Supplied data
- - - -

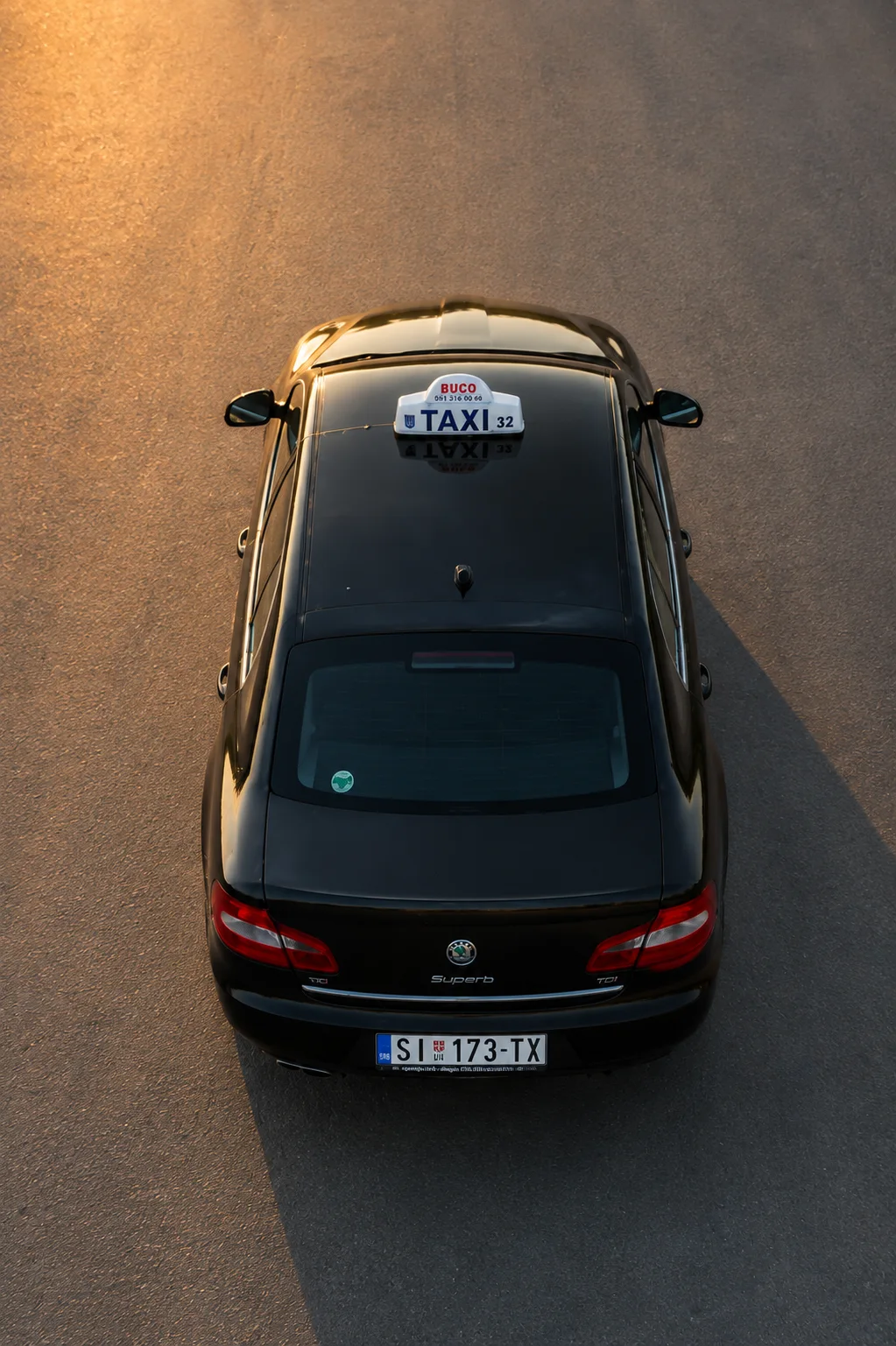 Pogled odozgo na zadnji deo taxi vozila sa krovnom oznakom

- - - -

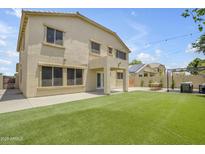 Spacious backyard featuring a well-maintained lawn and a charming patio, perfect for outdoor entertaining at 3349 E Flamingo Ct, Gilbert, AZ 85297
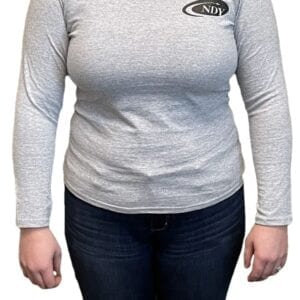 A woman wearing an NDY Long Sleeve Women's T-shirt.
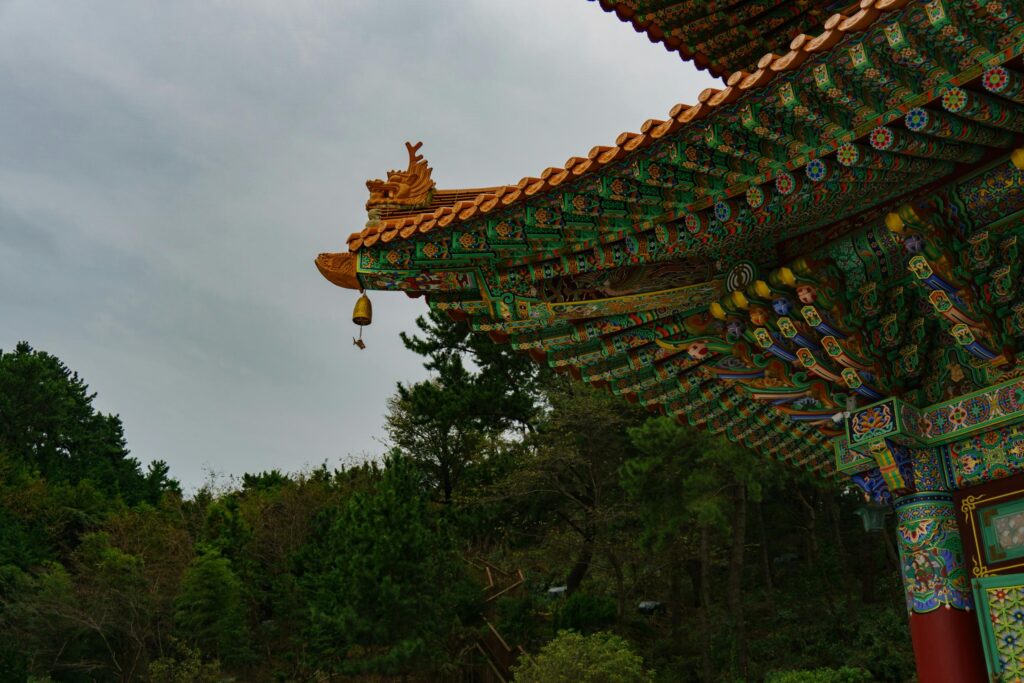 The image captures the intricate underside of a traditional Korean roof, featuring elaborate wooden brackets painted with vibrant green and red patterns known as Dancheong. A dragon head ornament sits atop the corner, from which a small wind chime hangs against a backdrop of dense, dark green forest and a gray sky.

- - - -

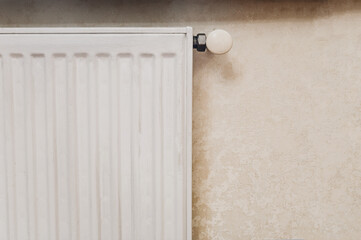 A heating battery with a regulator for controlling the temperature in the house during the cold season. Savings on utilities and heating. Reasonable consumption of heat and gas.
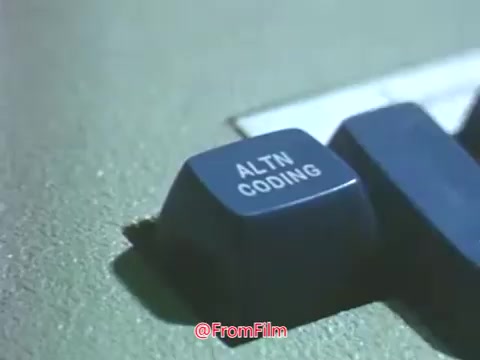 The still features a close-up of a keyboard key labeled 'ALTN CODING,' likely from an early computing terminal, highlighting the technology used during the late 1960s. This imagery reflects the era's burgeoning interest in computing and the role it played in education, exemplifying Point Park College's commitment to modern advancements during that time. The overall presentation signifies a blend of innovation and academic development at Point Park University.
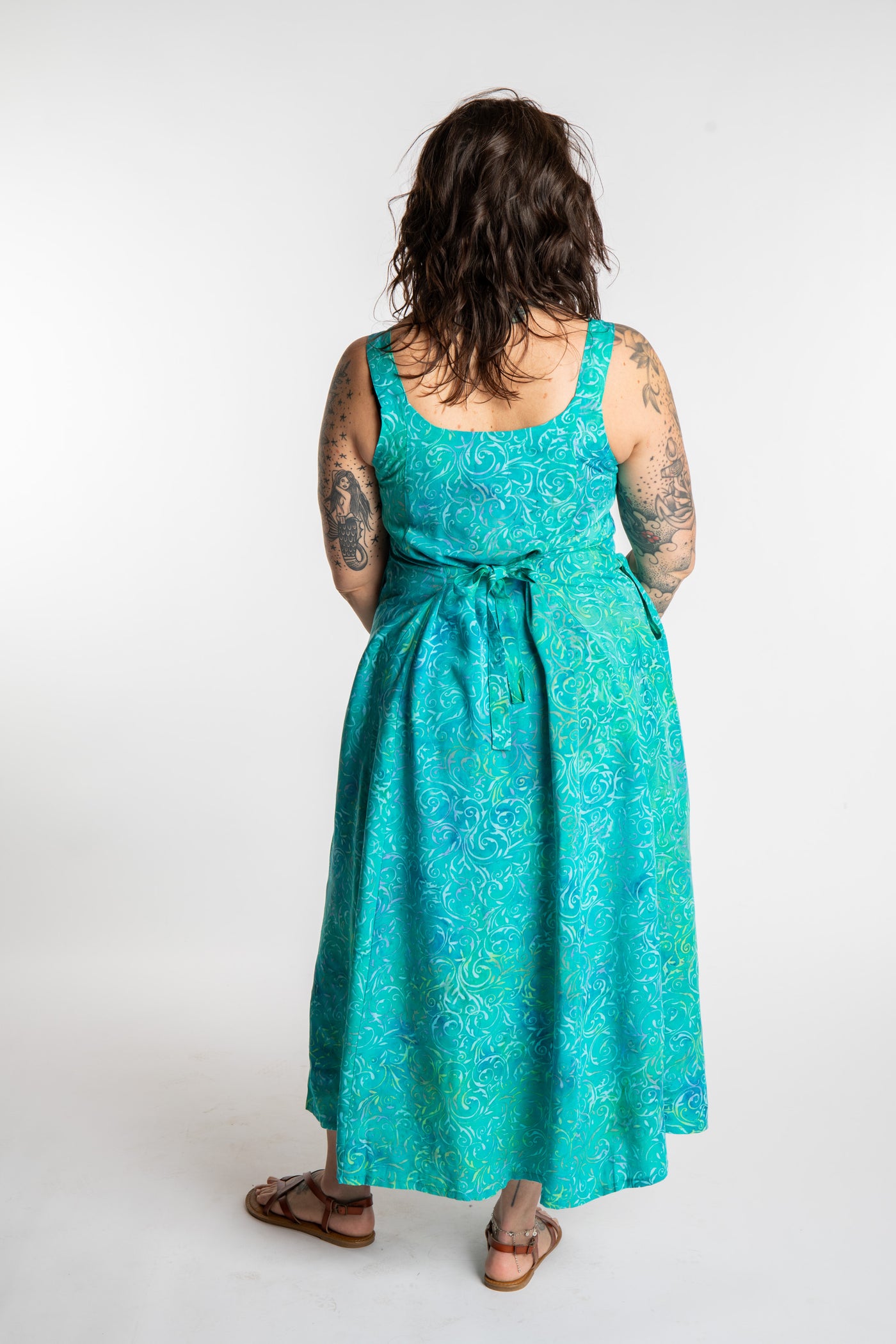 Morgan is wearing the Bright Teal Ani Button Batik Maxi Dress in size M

- - - -

What to work on
The response must repeat exactly the lines above from the one with "A woman wearing" through the one with "The image captures", including both, and must contain no pictures and no other text.

Result
 A woman wearing an NDY Long Sleeve Women's T-shirt.
 The image captures the intricate underside of a traditional Korean roof, featuring elaborate wooden brackets painted with vibrant green and red patterns known as Dancheong. A dragon head ornament sits atop the corner, from which a small wind chime hangs against a backdrop of dense, dark green forest and a gray sky.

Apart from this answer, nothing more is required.